Personal information
- Full name: Stanislav Vladimirovich Kulinchenko
- Born: 19 April 1971 (age 55) Krasnogvardeyskaya, Samarqand Region Uzbek SSR, Soviet Union
- Nationality: Russian
- Height: 190 cm (6 ft 3 in)
- Playing position: Centre back

Senior clubs
- Years: Team
- 0000-1990: SKIF Krasnodar
- 1990-1996: Dinamo Chelyabinsk
- 1996-1998: HC Empor Rostock
- 1998-1999: TSG Bielefeld
- 1999-2000: Badel 1862 Zagreb
- 2000-2001: RK Celje
- 2001: SC Magdeburg
- 2000-2001: Honda Suzuka
- 2000-2001: Superfund Hard

National team
- Years: Team / Apps
- –: Russia / 125

Medal record
Representing Russia
Men's handball
Olympic Games
| Gold medal – first place | 2000 Sydney | Team |
World Championships
| Gold medal – first place | 1997 Japan | Team |
| Silver medal – second place | 1999 Egypt | Team |
European Championships
| Gold medal – first place | 1996 Spain | Team |
| Silver medal – second place | 1994 Portugal | Team |
| Silver medal – second place | 2000 Croatia | Team |

= Stanislav Kulinchenko =

Russian handball player

Stanislav Vladimirovich Kulinchenko (Russian: Станислав Владимирович Кулинченко, born 19 April 1971) is a Russian former handball player.

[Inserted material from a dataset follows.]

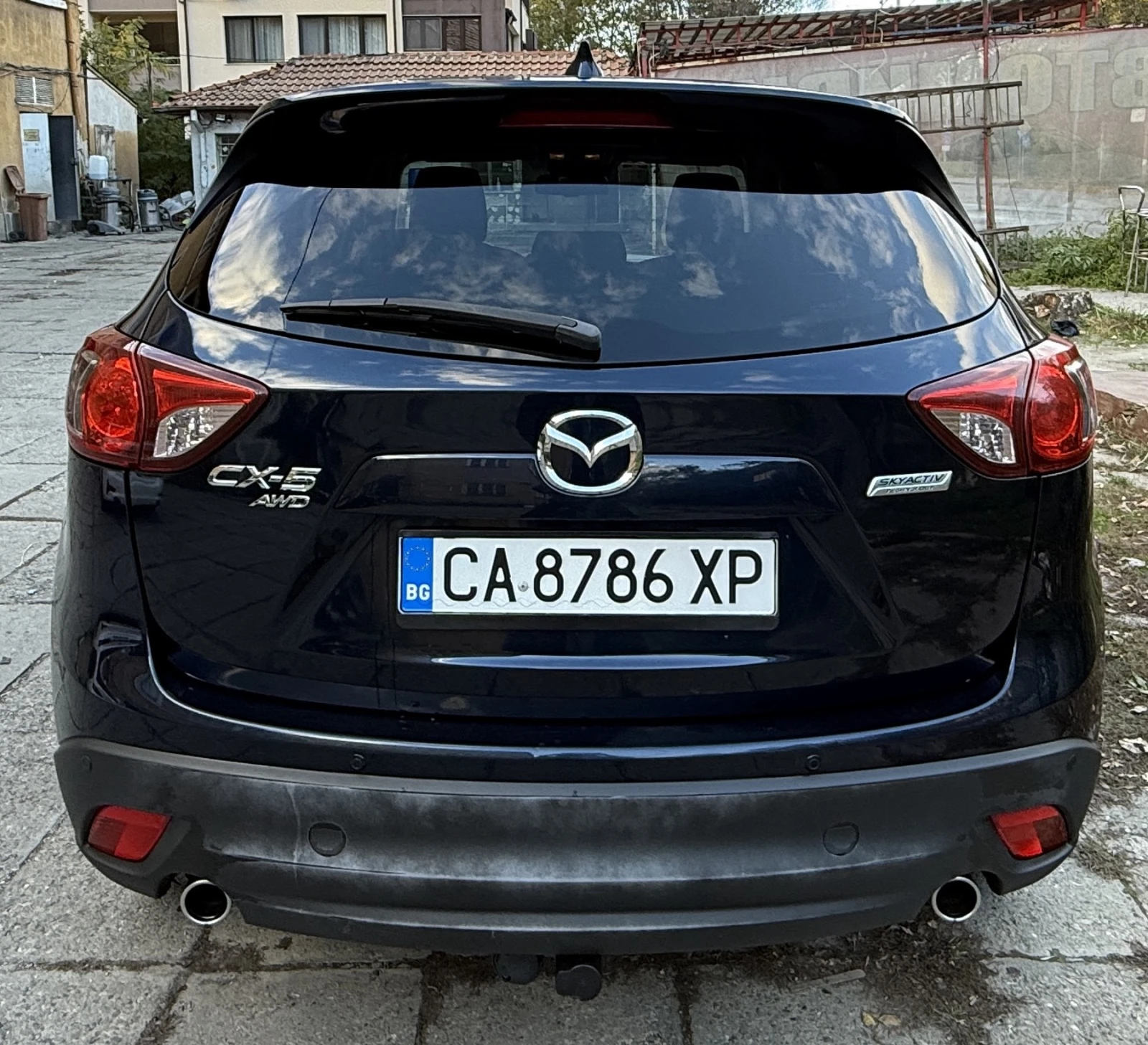 Mazda CX-5  - изображение 4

He played for the Russia men's national handball team at the 2000 Summer Olympics in Sydney, where Russia won the gold medal.

==Club career==
Kulinchenko started playing handball aged 10 in Krasnodar. His first senior club was SKIF Krasnodar followed by Dinamo Chelyabinsk.

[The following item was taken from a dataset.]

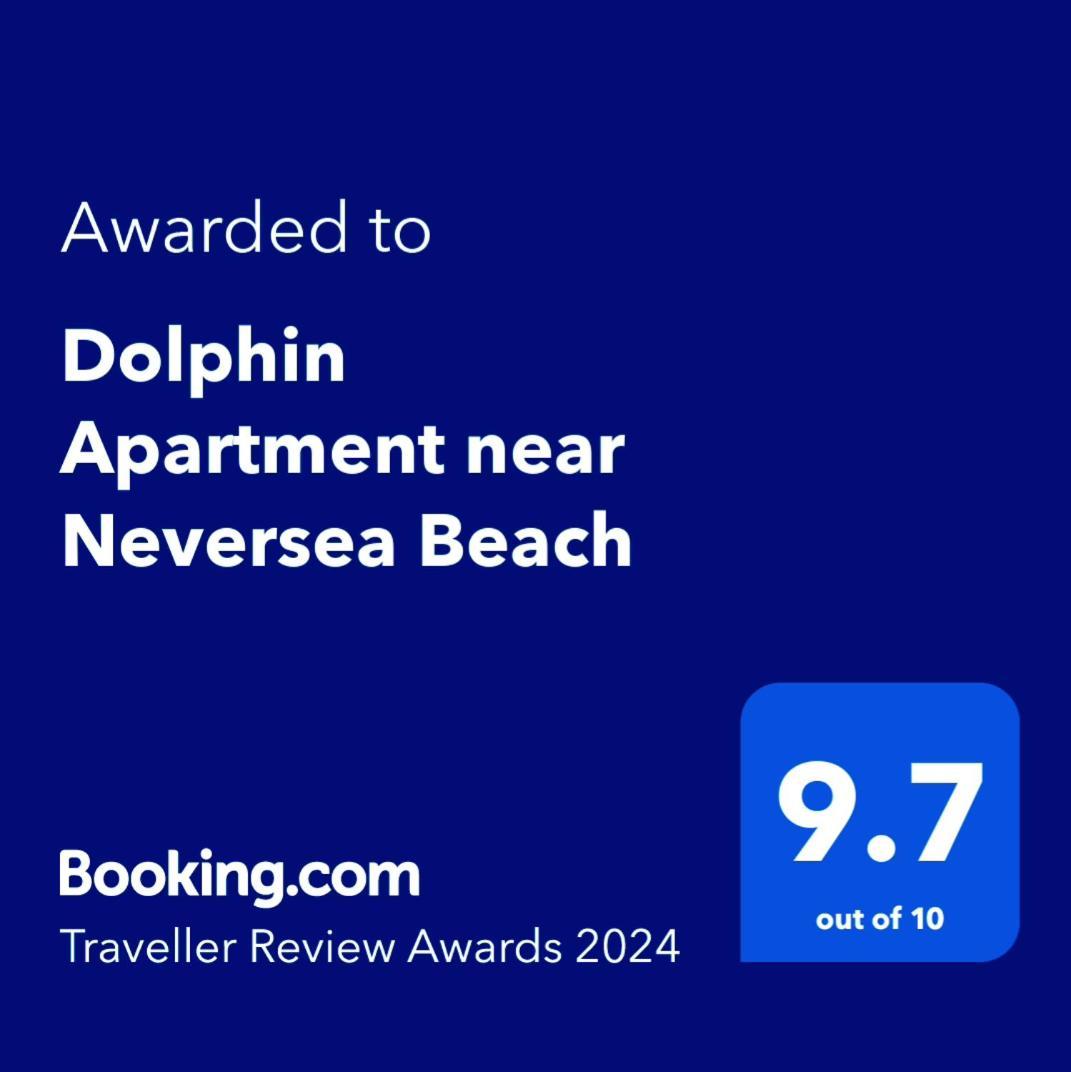 Dolphin Apartment Near Neversea Beach Constanţa Eksteriør bilde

In 1996 he moved to Germany to join HC Empor Rostock, where he played until 1998. He then joined TSG Bielefeld.

In 1999 he joined Croatian Badel 1862 Zagreb, where he won the Croatian championship and cup in 2000. Afterwards he joined Slovenian RK Celje, where he won the 2001 Slovenian Championship and Cup.

In the summer of 2001 he returned to Germany to join SC Magdeburg, but he left the team already in December the same year.

His next club was the Japanese club Honda Suzuka. Here he won the Championship in 2002, 2003 and 2004. In December 2004 he joined Austrian club Superfund Hard.

===National team===
With the Russian national team he won the 1997 World Championship, the 1996 European Championship and gold medals the 2000 Olympics. At the 1994 European Championship, 1999 World Championship and the 2000 European Championship he won silver medals.

==Post-playing career==
From 2008 to 2014 Kulinchenko was the General director at the Russian club HC Kuban Krasnodar. Afterwards he has been the sporting director at the club's women's team.